We are used to making top 10 lists, usually for an amenity – best biking, hiking, outdoor town – which is why it was disconcerting a few years ago to learn that we made a list of another kind.
In October 2014, scientists published in Geophysical Research Letters a paper entitled, “Four Corners: The largest US methane anomaly viewed from space.” The Four Corners region ranked No. 1 for the nation’s largest concentration of methane gas.
It was heartening then to learn last week that La Plata Electric Association (LPEA) is considering a methane capture project in southwestern La Plata County in partnership with Williford Resources, and that co-ops and some in the industry are embracing these win-win projects that lets them capture and sell the gas and keep it out of the atmosphere.
Methane is an odorless, colorless greenhouse gas that, over a 20-year period, is more than 80 times more potent than carbon dioxide at trapping the sun’s heat, dwarfing the impact of carbon dioxide emissions, and making the American Southwest increasingly vulnerable to climate change. Methane releases volatile organic compounds that create ozone which contributes to poor air quality, harming people with asthma or respiratory conditions. Ozone levels in the Four Corners barely meet the Environmental Protection Agency (EPA) national air quality standards, a problem more often seen in large urban areas.
The EPA has called the San Juan Basin of Colorado and New Mexico the most productive coalbed methane basin in North America. For decades, oil and gas companies have exploited this resource, drilling approximately 60,000 wells across the region. Energy development has greatly benefited our communities and economies but continues to leave a legacy of environmental impacts and we are left to address the negative byproducts of industry.
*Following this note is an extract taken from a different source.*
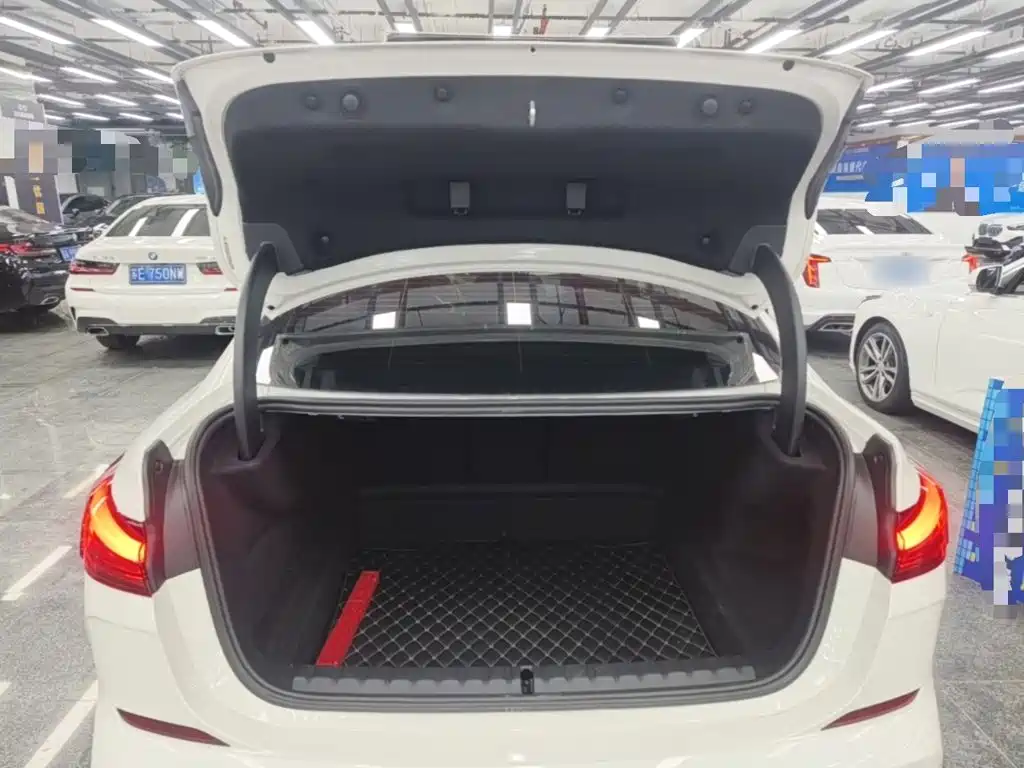BMW 2 Series (Import) — фото 19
With exposed coal seams and open mine shafts, not all methane seepage is the result of leaking equipment and human activity, but the study suggests that is the likely source.
Because human activity is the only piece of the puzzle we can address, the EPA recently issued new rules to limit methane pollution at new oil and gas sites, as did the Bureau of Land Management requiring industry to limit methane escaping into the air on public and native american lands.
The American Petroleum Institute said industry is already fixing leaks and called the new rules “unreasonable.” But through innovation and use of infrared cameras, companies like Jonah Energy based in Denver have cut repair time and labor costs at their operations in Wyoming and think the new regulations can simultaneously be effective and make economic sense.
We applaud the BLM and EPA for taking action, and LPEA for taking a step forward on a project that makes good economic and environmental sense, Though a step in the right direction, we do need a comprehensive approach to resolve some of our toughest air, land and water quality issues so, as with the Gold King mine spill, the public is not left footing the bill.